11.3. Chroma Resampler IP Functional Description

Chroma resampler algorithms

The chroma resampler implements four basic resampling operations:

  • Horizontal upsampling: 4:2:2 -> 4:4:4
  • Horizontal downsampling: 4:4:4 -> 4:2:2
  • Vertical upsampling: 4:2:0 -> 4:2:2
  • Vertical downsampling: 4:2:2 -> 4:2:0

For conversions between 4:4:4 and 4:2:0 the relevant horizontal and vertical sampling operations chain automatically to achieve the correct end result. The chroma resampler supports three different algorithms for each resampling operation; nearest neighbor, bilinear and filtered. The three algorithms vary in the level of visual quality provided, the chroma siting, and the resources for implementation.

Nearest Neighbor

Nearest neighbor is the lowest quality resampling algorithm, with the lowest device resource usage. For horizontal downsampling (4:4:4 -> 4:2:2) it drops every other Cb and Cr sample within the video line. For horizontal upsampling (4:2:2 -> 4:4:4) it repeats each Cb and Cr sample. The nearest neighbor algorithm uses left siting (co-siting) for the 4:2:2 chroma samples – both the Cb and Cr samples from the even indexed Y samples are retained during downsampling.

Figure 20. Nearest Neighbor

The nearest neighbor algorithm works in the same way for vertical resampling. For vertical downsampling (4:2:2 -> 4:2:0) the IP discards the chroma data from every other video line. For upsampling (4:2:0 -> 4:2:2) the IP repeats the chroma data for two lines of luma data. The nearest neighbor algorithm uses top siting (cositing) for both the Cb and Cr planes. The IP preserves chroma data from lines 0, 2, 4, etc in downsampling. The IP discards the data from lines 1, 3, 5, etc.

Figure 21. Nearest Neighbor
Bilinear

The bilinear algorithm offers a midpoint between visual image quality and device resource cost. The figure and equations show how the IP calculates the bilinear resampled chroma for horizontal upsampling (4:2:4 -> 4:4:4) and downsampling (4:4:4 -> 4:2:2).

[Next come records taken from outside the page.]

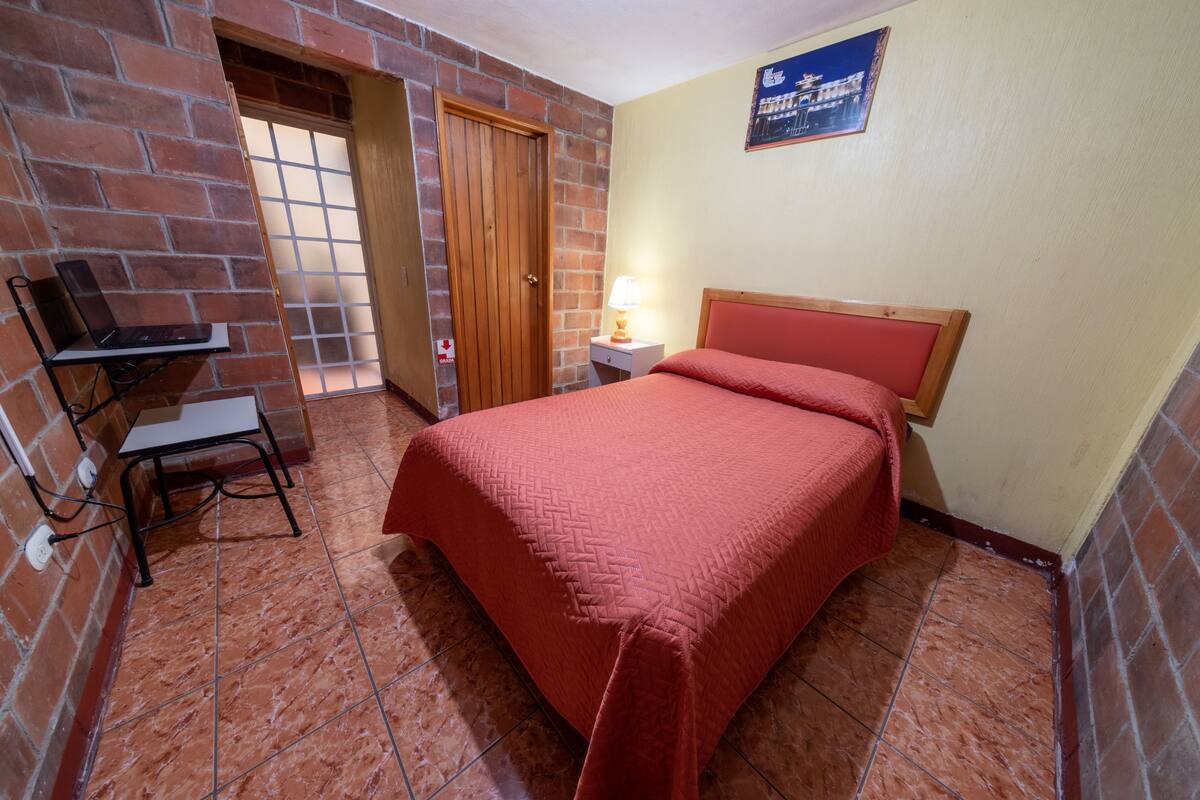 Single Room | Desk, free WiFi, bed sheets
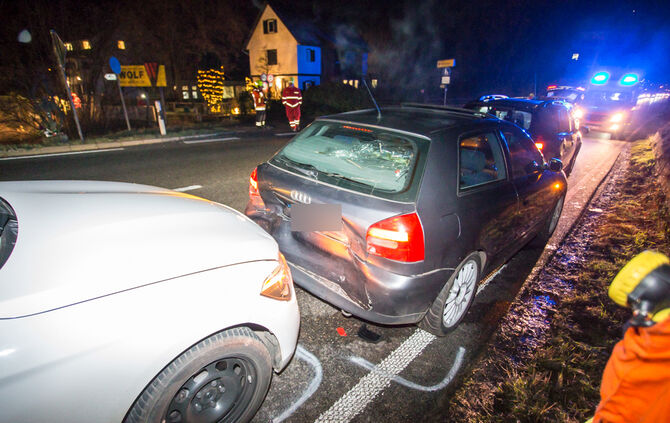 Drei Fahrzeuge in Auffahrunfall verwickelt - Bild 03_2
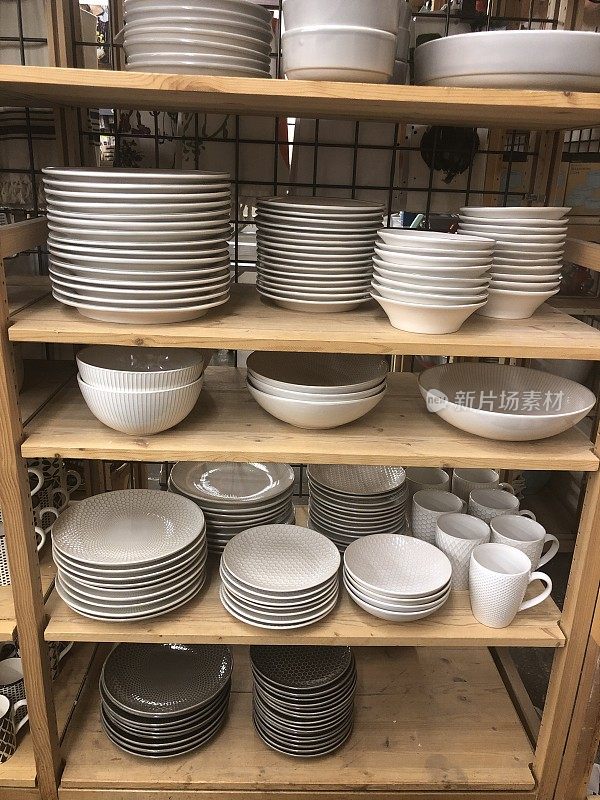 柜台上有盘子和陶器
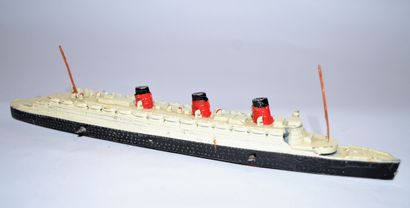 DINKY DINKY TOYS 52 : Paquebot "Queen Mary" de la Cunard - White Star N° 534, en...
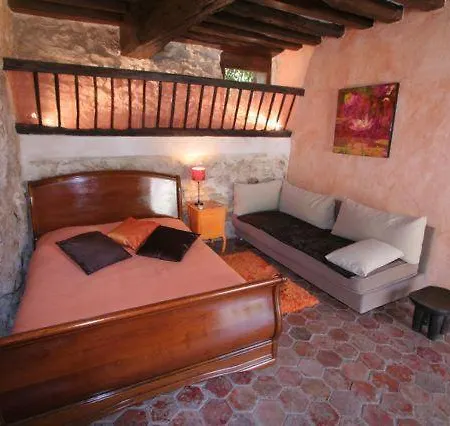 Bed & Breakfast Moulin De Moulignon 3*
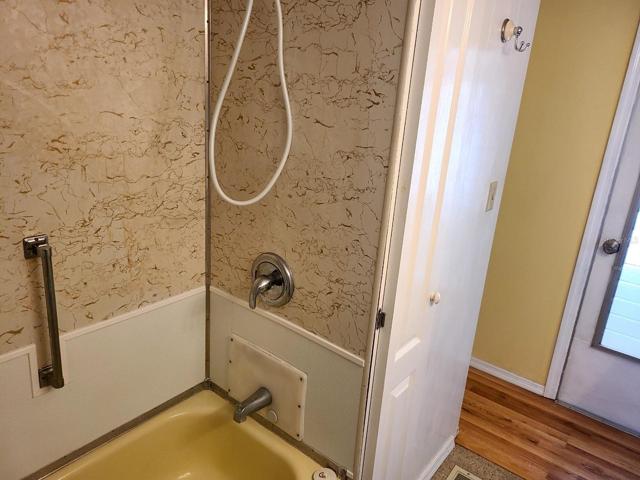 Tub & Shower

The bilinear algorithm uses center chroma siting for both the Cb and Cr samples in 4:2:2 format.

Figure 22. Bilinear

The bilinear algorithm works in the same way for vertical upsampling (4:2:0 -> 4:2:2) and downsampling (4:2:2 -> 4:2:0), using center siting for the chroma samples just as with the horizontal resampling.

Filtered

The filtered algorithm is the most computationally expensive and device resource intense algorithm, but it offers increased visual quality. You can parameterize the filtered algorithm to use either left or center horizontal siting of the chroma data, and top or center vertical siting of the chroma data.

For downsampling conversions (4:2:2 -> 4:2:0 and 4:4:4 -> 4:2:2) the filtered algorithm applies an 8-tap Lanczos2 resampling filter to generate the downsampled data. The IP applies different phase shifts to the Lanczos2 function when generating the coefficients. It depends on the siting and whether the pixel index is even or odd. For top and left chroma siting, the IP applies phase shifts of 0 and 0.5 pixels to the Lanczos2 coefficients for the even and odd indexed chroma samples respectively. For center chroma siting the phases shifts are -0.25 and +0.25 pixels.

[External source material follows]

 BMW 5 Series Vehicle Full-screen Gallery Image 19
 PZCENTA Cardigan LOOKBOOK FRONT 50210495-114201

For upsampling conversions (4:2:0 -> 4:2:2 and 4:2:2 -> 4:4:4) the filtered algorithm applies a 4-tap Lanczos2 resampling filter to generate the upsampled data. For top/left chroma siting, phase shifts of 0 and 0.5 pixels are applied to the Lanczos2 coefficients for the even and odd indexed chroma samples respectively. For center chroma siting the phases shifts are -0.25 and +0.25 pixels.

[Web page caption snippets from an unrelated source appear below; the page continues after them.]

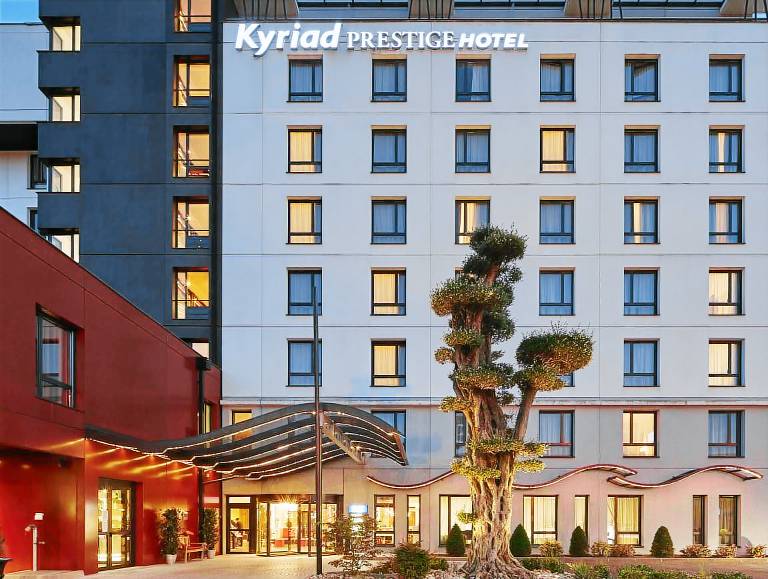 KYRIAD PRESTIGE LYON EST - Saint Priest Eurexpo Hotel and SPA in Chassieu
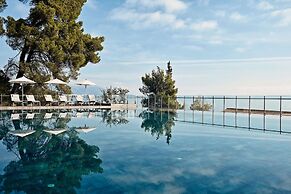 Kontokali Bay Resort & Spa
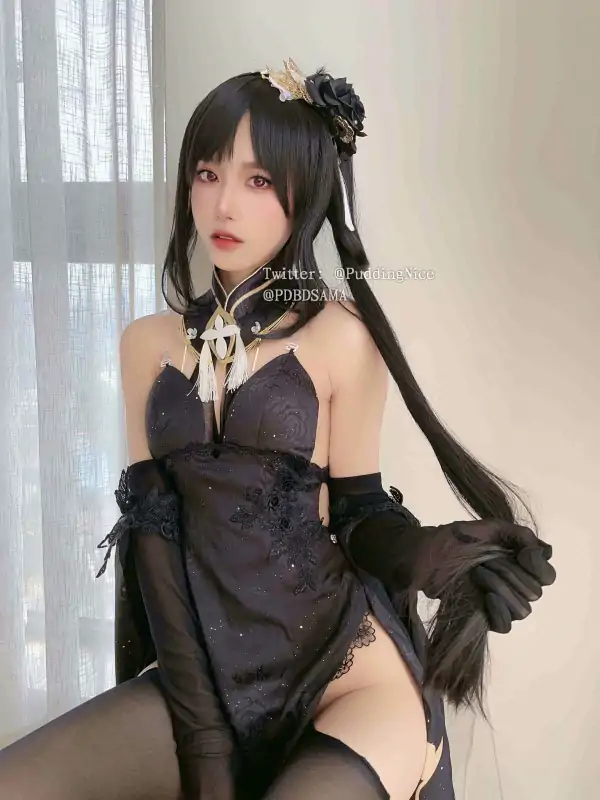 高人气coser布丁大法视图新作九套合集 [402P+26V/2.7G]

You can also turn on luma adaption for upsampling conversions. This feature further increases device resource usage but may reduce color bleed around edges when compared to the default filtered algorithm. The feature is the only chroma resampler to implement some logic in DSP blocks. When you turn on luma adaption, the IP compares differences between successive luma samples to an edge threshold to detect significant edges. In areas where the IP detects edges, you can shift the phase of the Lanczos-2 filter by up to 0.25 pixels to the left or right. This shift weights the resulting chroma samples more intensely towards the more appropriate side of the edge.

Color planes per pixel

Most Video and Vision Processing IPs allow you to select the number of color planes per pixel, but the chroma resampler does not have that parameter and sets the value automatically. The number of color planes per pixel is a function of the chroma resampling conversions that you select, which determine the chroma sampling formats that are supported at the input and output interfaces. 4:4:4 and 4:2:0 chroma samplings both require three color panes per pixel. 4:2:2 only requires 2 color planes. 4:2:2 can be transmitted through a link with 3 color planes, with the planes in the most significant bits of each pixel unused.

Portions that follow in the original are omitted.